» **Data for processing**:
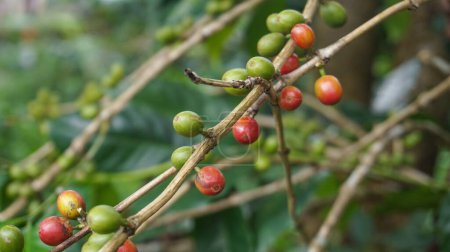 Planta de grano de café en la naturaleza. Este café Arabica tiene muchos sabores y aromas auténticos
---
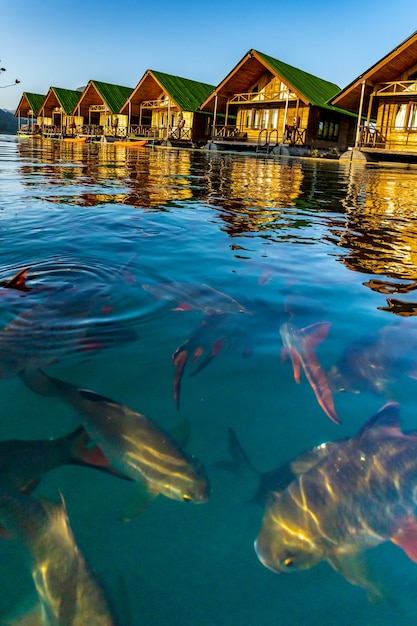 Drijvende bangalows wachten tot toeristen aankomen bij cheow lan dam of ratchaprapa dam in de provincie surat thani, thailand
* * *
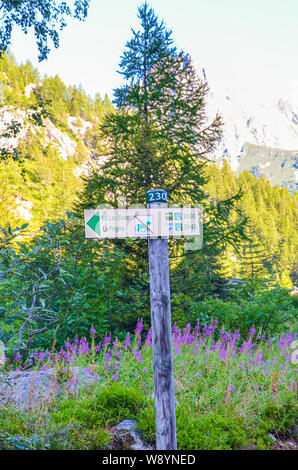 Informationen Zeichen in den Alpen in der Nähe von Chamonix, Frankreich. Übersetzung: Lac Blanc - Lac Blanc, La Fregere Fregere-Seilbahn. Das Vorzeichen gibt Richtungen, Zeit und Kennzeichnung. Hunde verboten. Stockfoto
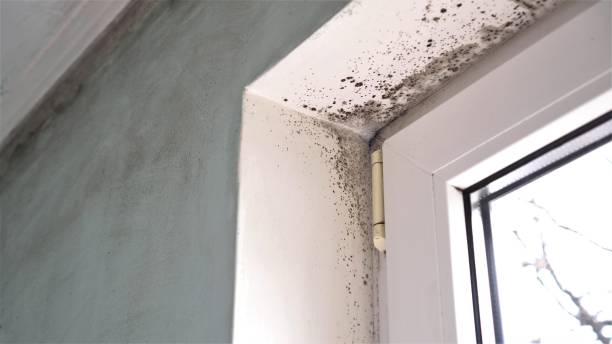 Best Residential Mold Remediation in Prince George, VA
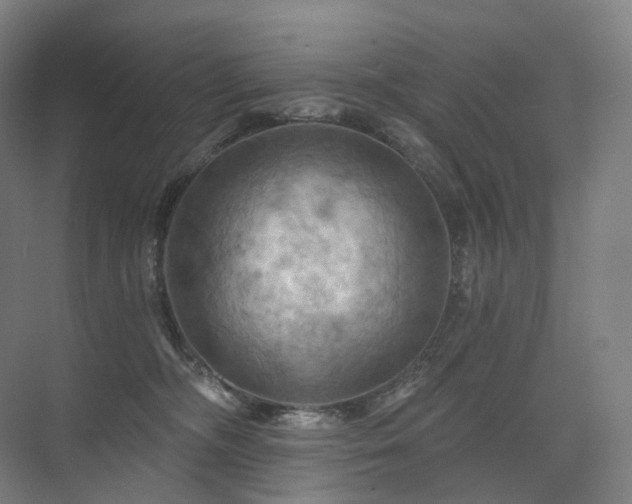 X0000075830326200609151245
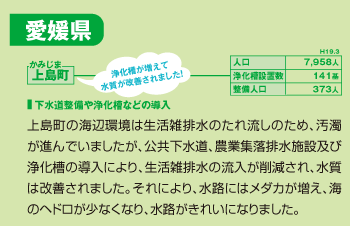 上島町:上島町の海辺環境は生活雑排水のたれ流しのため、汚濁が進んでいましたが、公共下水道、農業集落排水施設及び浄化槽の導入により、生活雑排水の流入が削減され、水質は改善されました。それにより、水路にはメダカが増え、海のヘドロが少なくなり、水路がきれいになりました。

» **Your objective**: Exact copy, pictures excluded: every line above from the one containing "Best Residential Mold" to the one containing "上島町:上島町の海辺環境は生", inclusive, and nothing more.

» **Your response**:
 Best Residential Mold Remediation in Prince George, VA
 X0000075830326200609151245
 上島町:上島町の海辺環境は生活雑排水のたれ流しのため、汚濁が進んでいましたが、公共下水道、農業集落排水施設及び浄化槽の導入により、生活雑排水の流入が削減され、水質は改善されました。それにより、水路にはメダカが増え、海のヘドロが少なくなり、水路がきれいになりました。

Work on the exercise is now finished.